Cross-Functional Architecture And Tools For Cloud-Based Operating Models
Agile AI Platform Architecture with the Agile Cloud Manager
Part 5 of 10: Seed Each New AI Project With Standard Catalyst Templates
The entire transcript of this video is given below the video so that you can read and consume it at your own pace. We recommend that you both read and watch to make it easier to more completely grasp the material.
The number, the complexity, and the importance of A.I. projects add a lot of overhead to the amount of work that needs to be performed for each project.
Compliance with laws requires audit trails and security.
The risk of data drift and concept drift require that everything must be reproducible.
An effective way to meet all of the compliance and reproducibility requirements is to create and use standardized templates to create each new project.
The projects are defined using templating tools like cloud formation, ARM templates, or terraform templates.
Agile Cloud Manager can organize all those lower-level templates into an appliance that can be managed as a group and operated upon as a group.
So then you can use one single Agile Cloud Manager C.L.I. command to create each new project, complete with many different standardized components that we will describe in this slide.
Document templates can be put into each new A.I. project, so that each of the types of work done in each project can be done more quickly, and at a higher level of quality that meets all of the requirements of your governance process.
The directory structure for each of your A.I. projects can also be standardized so that it is easier for data scientists to switch between projects. For example, when creating new models to potentially replace existing models.
The types of issues and work items for use in A.I. projects can also be defined at an organization level. That way, work within each A.I. project can be managed more effectively. Including examining how much energy is expended on each type of work.
Workflow structures for A.I. projects can also be defined at the organization level.
The same types of version-controlled repositories can be created for each project. For example: Data sets need to be version controlled for reproducibility. Models need to be stored in version control.

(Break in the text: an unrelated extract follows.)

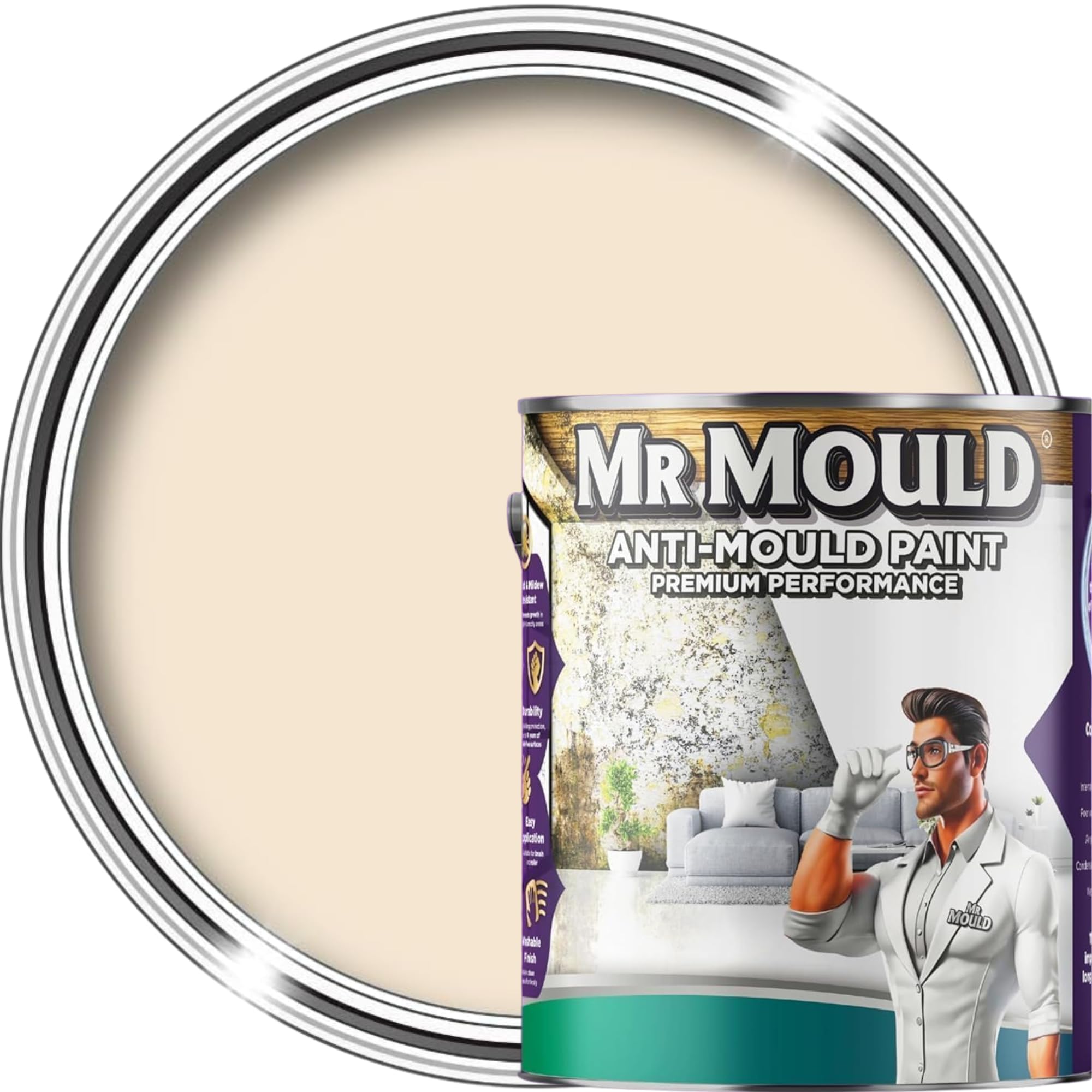 Mr Mould Anti Damp Paint Magnolia 1L – Interior Wall & Ceiling Damp Seal with Anti Condensation and Mould Resistant Protection – Prevents Mildew Build-Up and Moisture Damage, Easy to Apply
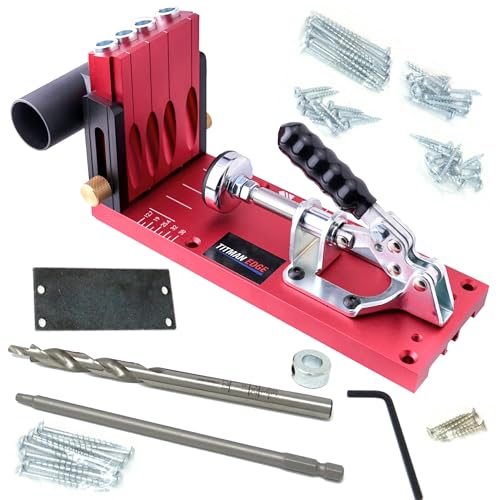 Image of TITMAN EDGE Pro 4 Port Pocket Hole Jig, Drill Bit & 150mm Drive Bit & 50 Screws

Scoring code and A.P.I. wrapper code also need to be stored in version-controlled repositories.
Environment definitions can also be deployed as a part of each new A.I. project.

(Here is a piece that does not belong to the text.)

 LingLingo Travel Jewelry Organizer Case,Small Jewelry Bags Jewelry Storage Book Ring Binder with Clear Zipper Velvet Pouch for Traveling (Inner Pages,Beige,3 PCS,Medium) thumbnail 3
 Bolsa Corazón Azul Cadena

A group in your organization can provide standardized baseline templates for environments that are defined as infrastructure as code, and as configuration as code. Regional variations for these standardized baselines can also be created in order to comply with local laws in certain parts of the world. And the software-defined environments can be deployed in a standardized sequence that is also baked into the templates that you define in order to create each new project. For example, each of your projects might define a dev environment, which might proceed to a test environment, and which would conclude with a production environment.
Pipeline structures can also be created each time you create a new A.I. project. A data pipeline will do all of the transformations required in order to turn raw data into a dataset that can be used for training models. A machine learning pipeline will manage all the work of building, training, and experimenting with A.I. models. And a DevOps pipeline manages the larger process of creating, provisioning, and maintaining the sequence of environments starting with dev and continuing through production.
Role-based access control can be defined for every element of the predefined project structure. For example, data preparation might only be allowed by one type of person. And deployment to production might only be allowed by one different type of person.
Event monitors can also be written into the templates that create each A.I. project. Some of the event types might be transitions between steps in project management workflows. Other types of events might involve changes in the substance of the results generated by monitors of production environment activity, for example when data drift is observed by automated testing, or when concept drift is observed by automated testing.
Policies can also be defined as elements of the templates that are used to create each new A.I. project.
Altogether, the elements on this slide illustrate how software-defined project templates can enable your organization to more quickly iterate through A.I. projects while complying with laws and managing the unique life cycle of A.I. models, including data drift and concept drift.
Agile Cloud Manager makes it a lot easier to organize software-defined templates into coherent units that can be more easily managed, deployed, and iterated-upon.